▸ EXERCISE GOAL
Read the data and repeat all of it exactly.

▸ ENTRIES SHOWN
Start of Block

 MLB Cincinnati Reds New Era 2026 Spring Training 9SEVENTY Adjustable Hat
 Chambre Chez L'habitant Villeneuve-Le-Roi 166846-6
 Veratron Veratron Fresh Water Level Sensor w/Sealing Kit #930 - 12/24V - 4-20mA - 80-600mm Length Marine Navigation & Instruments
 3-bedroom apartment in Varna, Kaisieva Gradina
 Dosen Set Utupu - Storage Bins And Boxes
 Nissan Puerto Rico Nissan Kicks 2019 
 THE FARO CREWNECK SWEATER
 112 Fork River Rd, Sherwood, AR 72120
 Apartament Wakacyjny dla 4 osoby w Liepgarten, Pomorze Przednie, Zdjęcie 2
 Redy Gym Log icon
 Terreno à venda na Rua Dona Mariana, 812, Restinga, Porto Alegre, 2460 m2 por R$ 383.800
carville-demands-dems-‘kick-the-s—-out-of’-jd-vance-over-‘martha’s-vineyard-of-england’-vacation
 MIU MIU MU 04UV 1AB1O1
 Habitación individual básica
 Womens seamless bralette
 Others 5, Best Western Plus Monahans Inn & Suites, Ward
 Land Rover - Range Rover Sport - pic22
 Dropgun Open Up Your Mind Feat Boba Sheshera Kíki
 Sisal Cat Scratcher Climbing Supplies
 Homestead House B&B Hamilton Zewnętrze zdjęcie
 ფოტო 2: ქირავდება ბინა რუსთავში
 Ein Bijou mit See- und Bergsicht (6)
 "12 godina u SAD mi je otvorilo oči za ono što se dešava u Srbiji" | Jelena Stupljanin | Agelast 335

End of Block

▸ EXERCISE RESPONSE
 MLB Cincinnati Reds New Era 2026 Spring Training 9SEVENTY Adjustable Hat
 Chambre Chez L'habitant Villeneuve-Le-Roi 166846-6
 Veratron Veratron Fresh Water Level Sensor w/Sealing Kit #930 - 12/24V - 4-20mA - 80-600mm Length Marine Navigation & Instruments
 3-bedroom apartment in Varna, Kaisieva Gradina
 Dosen Set Utupu - Storage Bins And Boxes
 Nissan Puerto Rico Nissan Kicks 2019 
 THE FARO CREWNECK SWEATER
 112 Fork River Rd, Sherwood, AR 72120
 Apartament Wakacyjny dla 4 osoby w Liepgarten, Pomorze Przednie, Zdjęcie 2
 Redy Gym Log icon
 Terreno à venda na Rua Dona Mariana, 812, Restinga, Porto Alegre, 2460 m2 por R$ 383.800
carville-demands-dems-‘kick-the-s—-out-of’-jd-vance-over-‘martha’s-vineyard-of-england’-vacation
 MIU MIU MU 04UV 1AB1O1
 Habitación individual básica
 Womens seamless bralette
 Others 5, Best Western Plus Monahans Inn & Suites, Ward
 Land Rover - Range Rover Sport - pic22
 Dropgun Open Up Your Mind Feat Boba Sheshera Kíki
 Sisal Cat Scratcher Climbing Supplies
 Homestead House B&B Hamilton Zewnętrze zdjęcie
 ფოტო 2: ქირავდება ბინა რუსთავში
 Ein Bijou mit See- und Bergsicht (6)
 "12 godina u SAD mi je otvorilo oči za ono što se dešava u Srbiji" | Jelena Stupljanin | Agelast 335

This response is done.